Human sign-off on the exceptions. The agent runs on its own where the stakes are low, and on sensitive decisions it hands the case to a person. Not "a human reads everything" - that doesn't scale. A human signs off on what matters.
Permission limits. The agent only has access to what it needs. It reads the knowledge base but doesn't send payments. It answers questions but doesn't delete data. A fabrication with limited permissions does far less damage.
The log. Every agent action goes to a record: what came in, how it was classified, whether the AI answered on its own or handed the case to a person. When something goes wrong, you know exactly where - and you fix the process instead of guessing.
Together these four turn "the AI sometimes makes things up" into a process where the fabrication is caught before it does harm.
This isn't our secret method. It's how production agents are built everywhere - the model makers themselves, Anthropic and OpenAI, describe these safeguards: scoping permissions, human oversight, logging actions. The difference isn't whether you know about them, but whether you actually put them in place before you let AI into your business.
What mistakes do companies make with hallucinations?
The most common: chasing a model that "hallucinates less." Companies compare rankings, wait for the next version, push the rollout back. But a model without hallucinations won't arrive - that's now proven. Time spent hunting for the perfect model is time someone else spends building control and shipping AI despite its flaws.
The model makers say it themselves.
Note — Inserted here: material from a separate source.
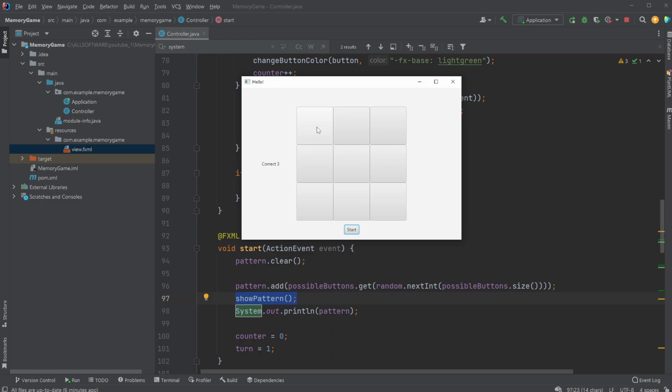And we thereby create this game loop where we start the game, select one random button, show all selected patterns, which in this case is just one button. We then click this button, turn it green for half a second, remove the green, and then after we have finished, so if this button was clicked as the last button in the pattern, so if you need to click on five buttons, if five buttons have been clicked, we reset the round and show the pattern, or reset round, add another button to the pattern, and show the pattern again.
The OpenAI authors don't stop at "the model always errs" - they point a direction: stop rewarding confident guesses, start rewarding "I don't know." The fix is on the side of how you use and score the model, not on waiting for a flawless version. A better model helps. But control decides whether AI in your business is a tool or a liability.
What's next for controlling hallucinations?
Our forecast: within the next two years a control layer around AI stops being a differentiator and becomes the standard - the way data encryption stopped being an edge and became the minimum. Companies that build it now enter that standard earlier and cheaper.
What next?
We build this control layer when we set up AI agents - grounding, oversight, limits and logging are part of the system, not an add-on. And if you already have AI and want to check whether the control holds, we audit it independently as AI Trust Layer. The hallucination stays. The only question is whether it gets to leave your walls.
Frequently asked questions
Can AI hallucinations be eliminated completely?
No. A 2025 OpenAI study proves hallucinations are a mathematical consequence of how language models work. You can cut them sharply with control - grounding, human oversight, permission limits and logging - but not down to zero.
What is RAG, and does it solve hallucination?
RAG (retrieval-augmented generation) connects the model to specific documents and makes it answer only from them. It doesn't switch hallucination off, but it clearly cuts it - by over 40% in 2025 studies. It's a filter, not a switch.
Does a better model mean fewer hallucinations?
It helps, but it doesn't settle the matter. Even the best model will err with confidence. What keeps a business safe is the control layer around the model, not the model itself.
How fast can you put control over AI in place?
It starts with one low-stakes process, a human in the loop and measured results. Once it runs reliably, you widen the scope. Control first, scale later.